Scene of tears at the Beijing Games. Eileen Gu, presented before the start of the competitions as the Chinese star of the fortnight, struggles to hold back a sob in the arrival area of ​​the big air. His third and last run, marked by an unreal jump, a double cork 1620, put his name at the top of the rankings. She is an Olympic champion. Tess Ledeux, beaten for the title by the tiny gap of 0.75 points, collapses in tears in the arms of the third, the Swiss Mathilde Gremaud. The Frenchwoman had come for the gold, she will leave with the silver.

Happy anyway? Disappointed to cry? Tess Ledeux no longer knows which feelings to turn to. Later, facing the media, she offers an uncertain face, divided between gray and blue. “I don’t have the words, I really skied my best todayshe slips. There were so many emotions. Losing the gold medal for so little, at the Olympics, hurts a little at the time. But the level was just incredible. I did not expect that. I’m very happy to have come second with what I brought today. I don’t think I’ve ever skied so well in my entire life. I can have no regrets.”

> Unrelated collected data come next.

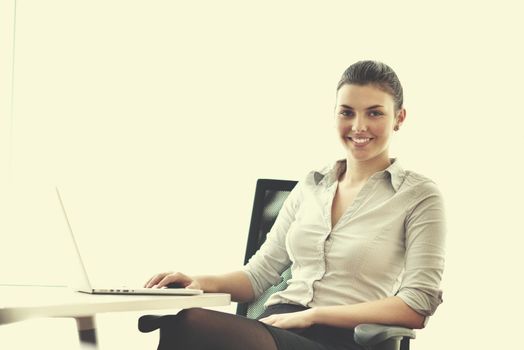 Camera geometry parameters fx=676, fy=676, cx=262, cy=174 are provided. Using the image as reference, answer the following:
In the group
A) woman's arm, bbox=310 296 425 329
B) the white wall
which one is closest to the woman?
woman's arm, bbox=310 296 425 329

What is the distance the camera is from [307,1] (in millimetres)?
3240

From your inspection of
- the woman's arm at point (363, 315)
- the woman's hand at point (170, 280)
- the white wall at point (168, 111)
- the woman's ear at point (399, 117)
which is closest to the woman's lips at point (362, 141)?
the woman's ear at point (399, 117)

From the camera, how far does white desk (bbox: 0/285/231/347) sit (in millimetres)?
1003

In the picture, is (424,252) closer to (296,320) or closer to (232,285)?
(296,320)

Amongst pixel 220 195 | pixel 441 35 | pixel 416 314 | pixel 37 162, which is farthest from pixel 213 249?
pixel 416 314

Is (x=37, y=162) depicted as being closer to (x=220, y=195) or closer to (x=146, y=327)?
(x=220, y=195)

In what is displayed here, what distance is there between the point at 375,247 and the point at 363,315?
0.22 m

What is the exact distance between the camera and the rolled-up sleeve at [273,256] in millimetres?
1985

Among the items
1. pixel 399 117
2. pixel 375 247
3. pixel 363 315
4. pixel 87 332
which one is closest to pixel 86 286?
pixel 87 332

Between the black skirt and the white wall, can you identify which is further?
the white wall

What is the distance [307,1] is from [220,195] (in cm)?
102

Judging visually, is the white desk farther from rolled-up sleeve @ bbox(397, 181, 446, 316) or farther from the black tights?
rolled-up sleeve @ bbox(397, 181, 446, 316)

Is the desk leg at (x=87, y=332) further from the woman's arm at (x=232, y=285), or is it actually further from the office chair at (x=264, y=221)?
the office chair at (x=264, y=221)

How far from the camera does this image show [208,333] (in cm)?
132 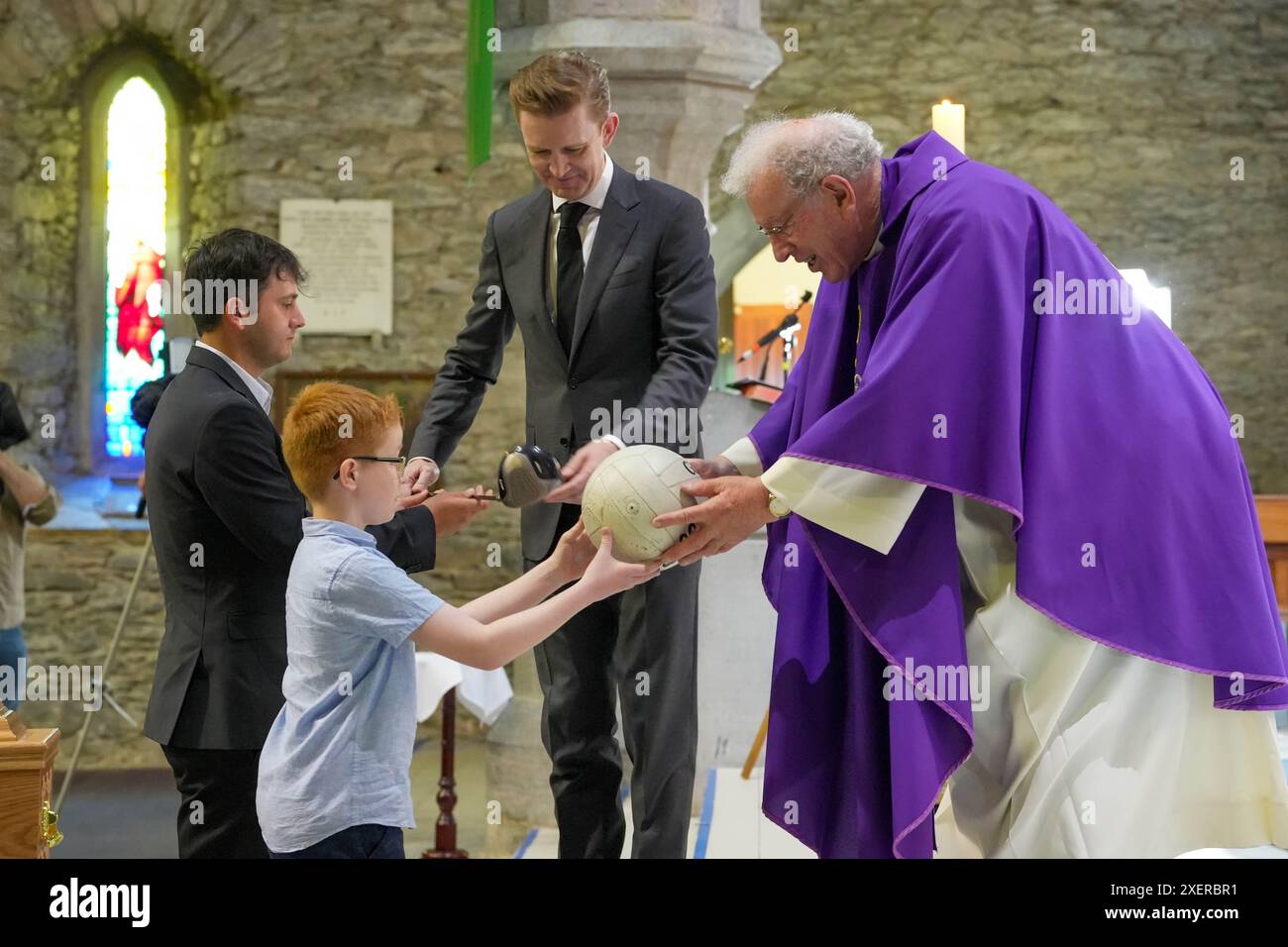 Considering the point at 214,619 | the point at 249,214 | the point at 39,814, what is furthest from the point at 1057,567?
the point at 249,214

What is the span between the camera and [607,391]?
341 centimetres

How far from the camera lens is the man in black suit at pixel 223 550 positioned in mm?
2943

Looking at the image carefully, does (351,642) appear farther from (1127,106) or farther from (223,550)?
(1127,106)

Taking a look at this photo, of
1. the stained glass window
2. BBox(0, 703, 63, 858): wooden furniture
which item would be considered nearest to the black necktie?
BBox(0, 703, 63, 858): wooden furniture

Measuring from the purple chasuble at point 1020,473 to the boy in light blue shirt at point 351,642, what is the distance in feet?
1.76

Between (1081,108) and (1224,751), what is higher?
(1081,108)

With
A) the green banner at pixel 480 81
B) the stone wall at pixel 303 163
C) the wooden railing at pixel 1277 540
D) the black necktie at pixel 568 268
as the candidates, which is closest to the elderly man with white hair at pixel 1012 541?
the black necktie at pixel 568 268

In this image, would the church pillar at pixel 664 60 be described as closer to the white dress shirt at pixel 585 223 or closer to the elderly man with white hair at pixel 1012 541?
the white dress shirt at pixel 585 223

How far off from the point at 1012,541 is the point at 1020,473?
0.21m

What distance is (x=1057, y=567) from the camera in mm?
2732

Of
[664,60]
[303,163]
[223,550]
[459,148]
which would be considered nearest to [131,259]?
[303,163] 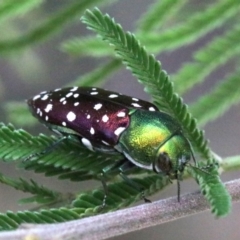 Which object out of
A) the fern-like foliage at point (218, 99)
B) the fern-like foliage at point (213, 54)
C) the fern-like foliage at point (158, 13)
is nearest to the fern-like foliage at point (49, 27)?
the fern-like foliage at point (158, 13)

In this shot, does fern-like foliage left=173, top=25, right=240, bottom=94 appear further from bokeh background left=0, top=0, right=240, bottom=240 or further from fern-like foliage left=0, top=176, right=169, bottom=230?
bokeh background left=0, top=0, right=240, bottom=240

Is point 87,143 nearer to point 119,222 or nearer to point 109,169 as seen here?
point 109,169

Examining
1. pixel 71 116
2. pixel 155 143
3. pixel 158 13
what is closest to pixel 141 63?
pixel 155 143

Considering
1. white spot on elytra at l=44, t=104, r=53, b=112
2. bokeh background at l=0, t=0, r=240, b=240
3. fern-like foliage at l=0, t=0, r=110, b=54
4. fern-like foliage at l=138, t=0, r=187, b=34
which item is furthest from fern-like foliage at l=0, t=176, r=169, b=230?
bokeh background at l=0, t=0, r=240, b=240

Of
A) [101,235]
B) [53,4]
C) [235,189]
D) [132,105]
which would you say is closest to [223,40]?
[132,105]

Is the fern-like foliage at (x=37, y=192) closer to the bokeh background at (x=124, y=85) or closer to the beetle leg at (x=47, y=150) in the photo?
the beetle leg at (x=47, y=150) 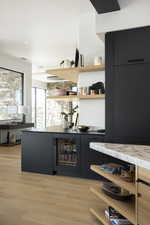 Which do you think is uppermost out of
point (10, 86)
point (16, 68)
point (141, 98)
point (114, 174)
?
point (16, 68)

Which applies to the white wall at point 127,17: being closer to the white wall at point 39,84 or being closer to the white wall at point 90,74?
the white wall at point 90,74

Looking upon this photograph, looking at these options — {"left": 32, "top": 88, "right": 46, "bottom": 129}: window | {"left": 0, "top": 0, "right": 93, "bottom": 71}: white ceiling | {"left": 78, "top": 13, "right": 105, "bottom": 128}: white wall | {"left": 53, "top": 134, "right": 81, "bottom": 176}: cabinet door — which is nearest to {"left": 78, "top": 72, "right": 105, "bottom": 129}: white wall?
{"left": 78, "top": 13, "right": 105, "bottom": 128}: white wall

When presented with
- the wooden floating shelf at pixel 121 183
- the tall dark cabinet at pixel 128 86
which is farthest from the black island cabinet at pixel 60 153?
the wooden floating shelf at pixel 121 183

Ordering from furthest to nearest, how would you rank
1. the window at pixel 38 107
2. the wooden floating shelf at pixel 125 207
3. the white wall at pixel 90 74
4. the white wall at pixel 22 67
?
1. the window at pixel 38 107
2. the white wall at pixel 22 67
3. the white wall at pixel 90 74
4. the wooden floating shelf at pixel 125 207

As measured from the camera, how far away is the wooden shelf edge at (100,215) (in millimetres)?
1861

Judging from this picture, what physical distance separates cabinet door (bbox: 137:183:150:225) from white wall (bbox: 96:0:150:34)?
2.11 metres

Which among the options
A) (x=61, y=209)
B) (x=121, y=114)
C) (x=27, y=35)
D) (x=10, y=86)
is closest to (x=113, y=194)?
(x=61, y=209)

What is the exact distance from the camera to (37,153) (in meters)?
3.53

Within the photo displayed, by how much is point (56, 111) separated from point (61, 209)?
8780 mm

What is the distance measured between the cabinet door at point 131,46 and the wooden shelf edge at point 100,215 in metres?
1.86

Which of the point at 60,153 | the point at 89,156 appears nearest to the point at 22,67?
the point at 60,153

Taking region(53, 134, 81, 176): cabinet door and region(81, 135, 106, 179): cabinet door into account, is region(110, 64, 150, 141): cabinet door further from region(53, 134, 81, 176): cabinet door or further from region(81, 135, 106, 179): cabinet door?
region(53, 134, 81, 176): cabinet door

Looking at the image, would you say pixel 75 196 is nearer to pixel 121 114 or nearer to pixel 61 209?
pixel 61 209

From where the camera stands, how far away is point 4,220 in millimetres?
2002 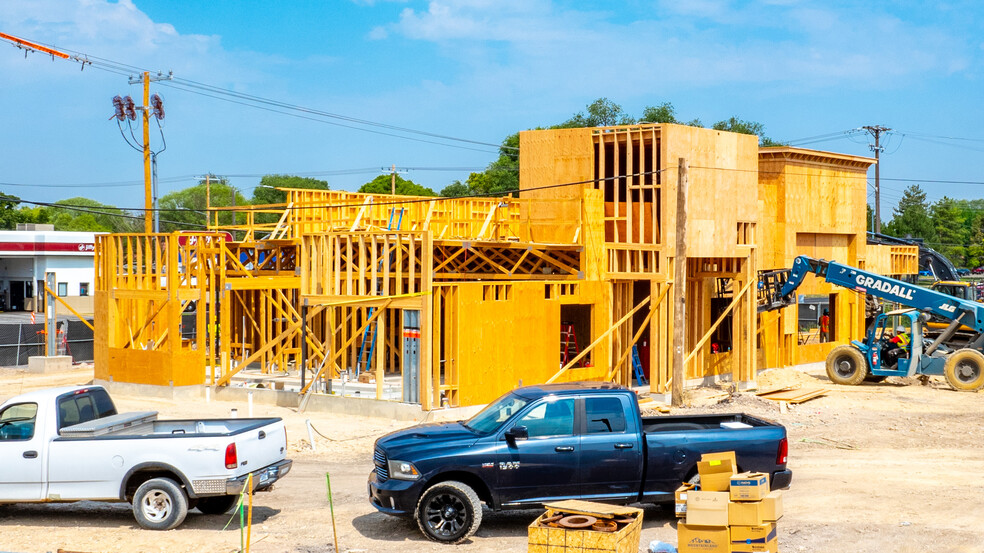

In Beijing, this Tuesday, February 8, the women’s big air was without possible competition the test where to show your little face, even hidden under a mask. IOC President Thomas Bach took his place in the front row of the meager audience. A sign. Above all, the cameras spotted Peng Shuai in the spans of the site. The Chinese player, who has become very visible for a few days, chatted with the German leader as an uncle and niece would do at the counter of a bar.

Eileen Gu goes all out

Thomas Bach and Peng Shuai had not come just to watch the big air final, a new event on the program of the Winter Games. Both had made the trip for Eileen Gu, the most recognizable face of Chinese winter sports. At 18, the young woman discovered the Olympic universe, but she moved there without giving the impression of looking for her bearings. Born in California, based in San Francisco, Eileen Gu likes to define herself as an athlete, student and “part-time model”. Advertisers love it. The public follows in procession each of its steps, on the tracks and outside. Nicknamed “Snow Princess”, Eileen Gu has 1.3 million subscribers to her Weibo account, the Chinese version of Twitter.

In Beijing, the Chinese took her time to draw her victory. After two runs, she was still pointing away from Tess Ledeux. On the structure installed in the heart of Beijing’s industrial wasteland, between chimneys, blast furnaces and cooling towers of a former steel factory, the Frenchwoman hit hard at the start of this final in three rounds by signing a “double cork 1620”, i.e. a rotation of four and a half turns, rewarded with 94.50 points. A feat that only one woman had already managed to place before this competition: herself, three weeks earlier during the winter X-Games in Aspen (United States). She did not weaken then by succeeding in a “switch left 1440”, this time four towers in the air, which earned her 93 points.

But the last descent of Eileen Gu extinguished the illusions of the Frenchwoman. The Chinese-American attempted, and succeeded, a 1620, a jump she had never tried before in competition. The jury praised the audacity. Then the young woman explained to the media, speaking in Mandarin with a hint of an American accent: “I had thought of trying it a few days before the Games, even if I had never yet risked it in an official event. But I made the decision only five minutes before the run. I actually called my mom after the second jump, she said, ”Don’t do it, you can do another 1440 to try for the silver medal”. But I don’t compete for that, to position myself in relation to others. I line up in competition to ski at 100%, to go to the end of my limits.

Then the Chinese unrolled with precise gestures the threads of her young existence, between studies in California, training in freestyle skiing and her budding career as a top model. She said she was the first student in her high school’s history to graduate early. She said she trained more than all of her national team partners, often until late in the evening. She said that she took advantage of the school holidays last summer to work as a model, sometimes eight to ten hours a day. Finally, she thanked China for all its efforts to organize the Winter Games in the midst of a health crisis. So young, Eileen Gu, but already so perfect.

Update : at 8:51 a.m., with more details on the course of the event.